Ha 10 cromosomi sessuali

Un’altra stranezza dell’ornitorinco indagata dai ricercatori è stata il modo in cui viene determinato il loro sesso. Sia gli umani che tutti gli altri mammiferi sulla Terra hanno due cromosomi sessuali che determinano il sesso: il sistema cromosomico X e Y in cui XX è femmina e XY è maschio. I monotremi, tuttavia, compresi gli ornitorinchi, hanno 10 cromosomi sessuali, con cinque cromosomi Y e cinque X.

Grazie ai genomi a livello cromosomico quasi completi, i ricercatori possono ora suggerire che questi 10 cromosomi sessuali negli antenati dei monotremi erano organizzati in una forma ad anello che è stata successivamente suddivisa in molti piccoli pezzi di cromosomi X e Y. Allo stesso tempo, la mappatura del genoma rivela che la maggior parte dei cromosomi sessuali monotremi ha più in comune con i polli che con gli esseri umani. Ma quello che mostra è un legame evolutivo tra mammiferi e uccelli.

Ornitorinco specie protetta

L’ornitorinco è diffuso nell’Australia orientale e nella Tasmania. È una specie protetta e classificata dalla IUCN come quasi minacciata. Sono considerati mammiferi perché hanno ghiandole mammarie, hanno i peli e hanno tre ossa nelle orecchie medie.

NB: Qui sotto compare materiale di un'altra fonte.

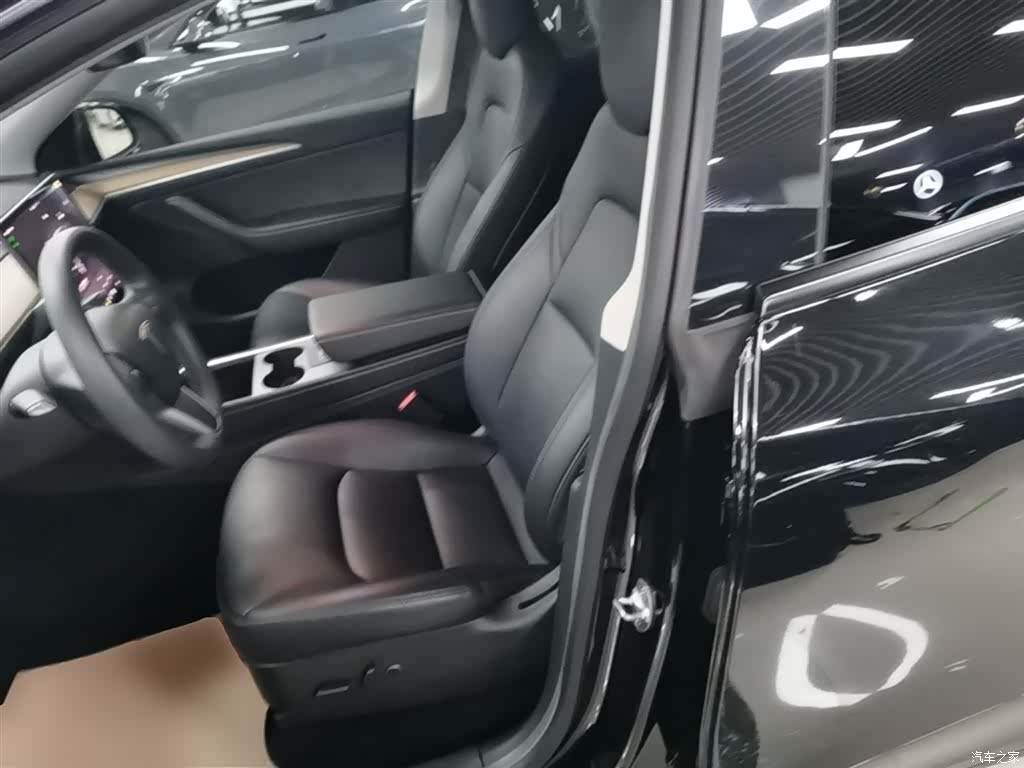 Tesla Model Y, 2022 15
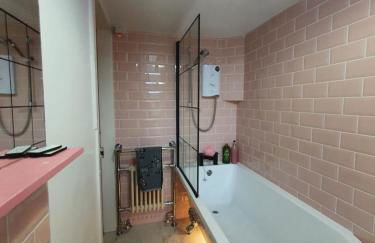 The Flat with the Pink Door - Foto 9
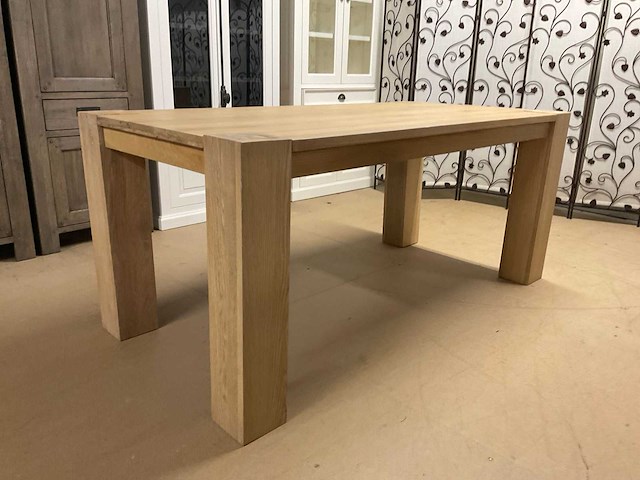 Maud eetkamertafel - afbeelding 2 van  9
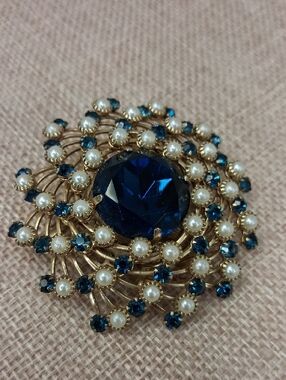 Blue Crystal Pearl Cluster Brooch Gold Tone Statement Pin Costume OS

L’ornitorinco appartiene all’ordine dei mammiferi monotremo, così chiamato perché i monotremi utilizzano un’unica apertura per la minzione, la defecazione e la riproduzione sessuale. L’animale è un ottimo nuotatore e trascorre gran parte del suo tempo a caccia di insetti e crostacei nei fiumi.

Il suo caratteristico becco è pieno di sensori elettrici che vengono utilizzati per localizzare le prede nei letti dei fiumi fangosi. L’ornitorinco maschio ha uno sperone velenoso dietro ciascuna delle zampe posteriori. Il veleno è abbastanza potente da uccidere un cane e viene dispiegato quando i maschi combattono per il territorio.

Un altro studio del 2020 ha dimostrato che la pelliccia di ornitorinco è fluorescente. La pelliccia marrone dell’animale riflette un colore blu-verde quando viene posta sotto la luce UV.